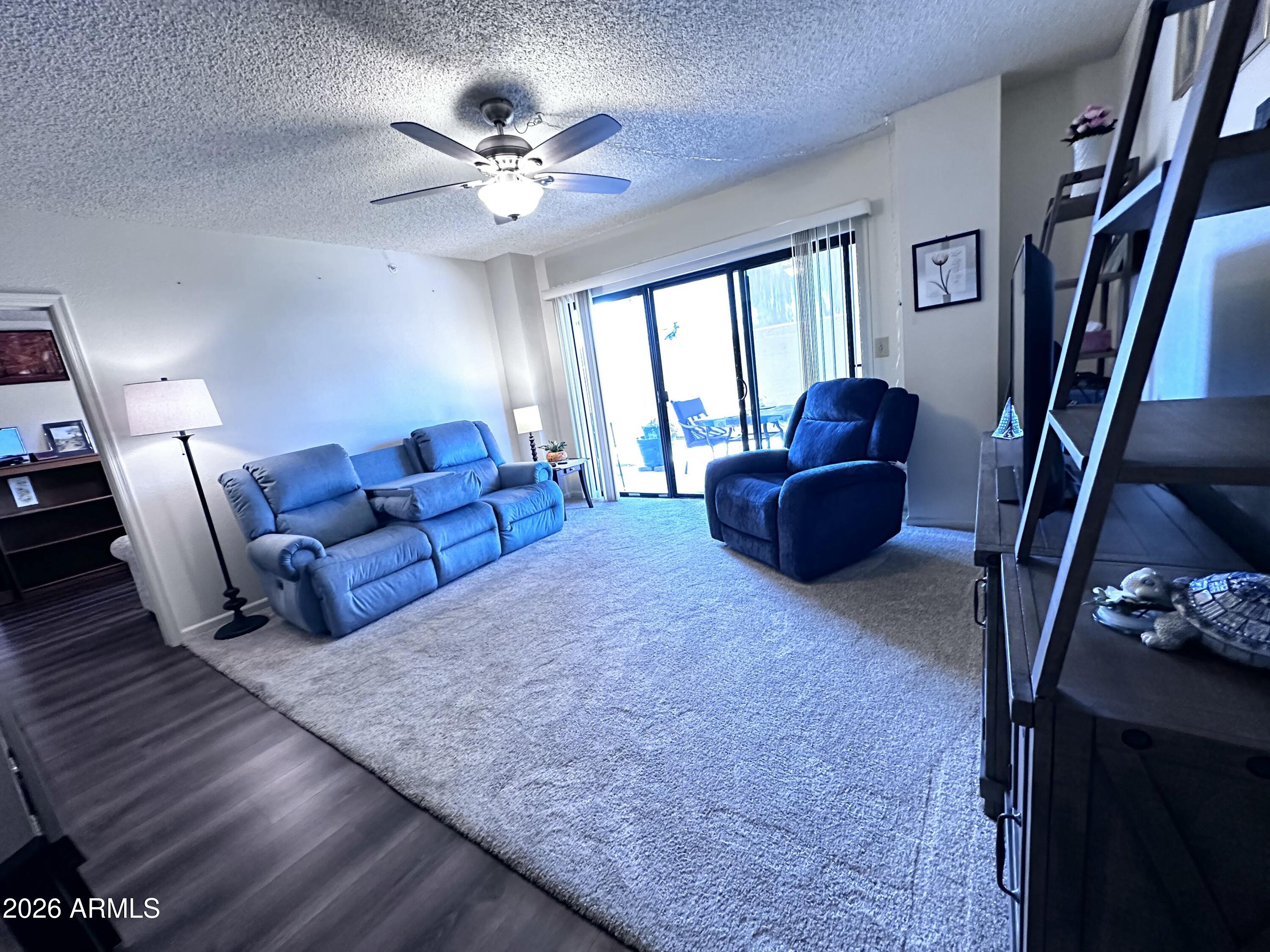 10330 W THUNDERBIRD Boulevard B110, Sun City, AZ 85351
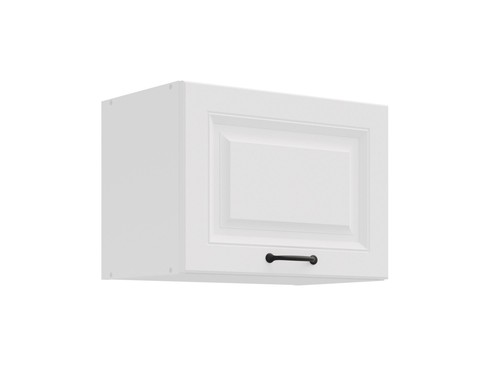 Hängeschrank stilo - cm,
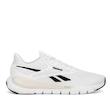 Fitnessschuhe FLEX TRAINER 100210148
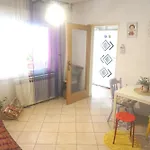 Veronika's House Apartmán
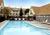 Residence Inn By Marriott Fresno::Travelocity.com
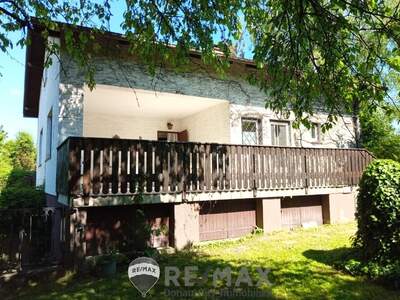 Einfamilienhaus kaufen in 2100 Korneuburg (Bild 3)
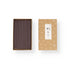 Shoyeido Genji Kaori-Sho Maboroshi Mue 60g (625501)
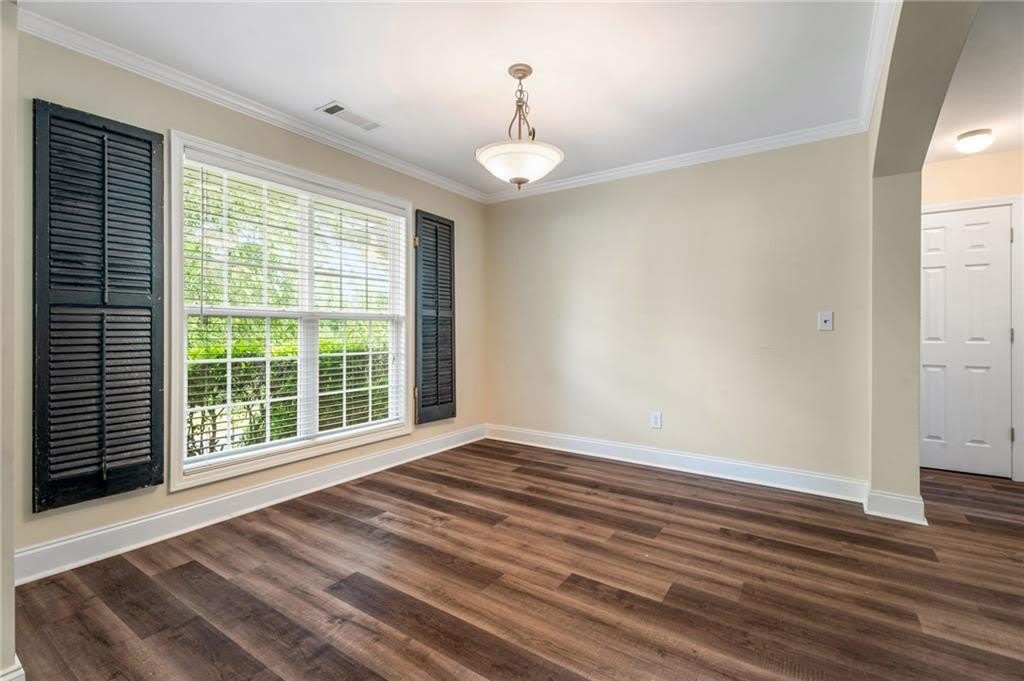 6920 Autumn Hills Drive – photo 4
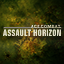 Icon for ACE COMBAT: AH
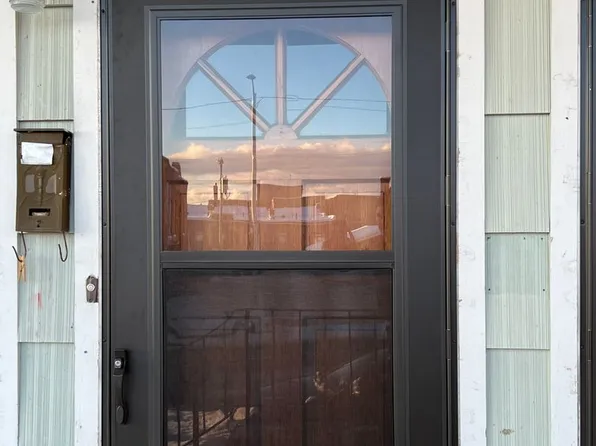 403-405 1/2 W Granite, 403-405 1/2 W Granite St #405, Butte, MT 59701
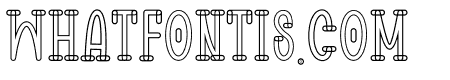 Elipline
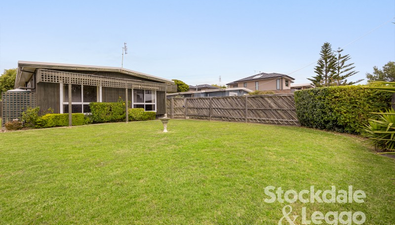Picture of 2/230 Dromana Parade, SAFETY BEACH VIC 3936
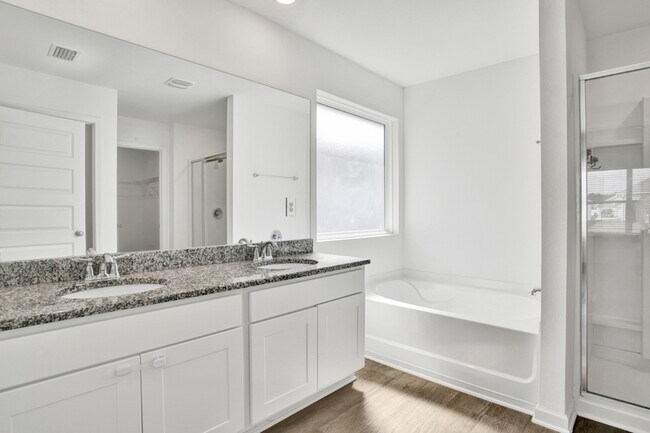 Building Photo - 23964 Unbridled Lp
────────────────
• Your task:
In the records above, find the line containing "Picture of 2/230", then please restate it and each line after it word for word, pictures excluded.

• Your response:
Picture of 2/230 Dromana Parade, SAFETY BEACH VIC 3936
 Building Photo - 23964 Unbridled Lp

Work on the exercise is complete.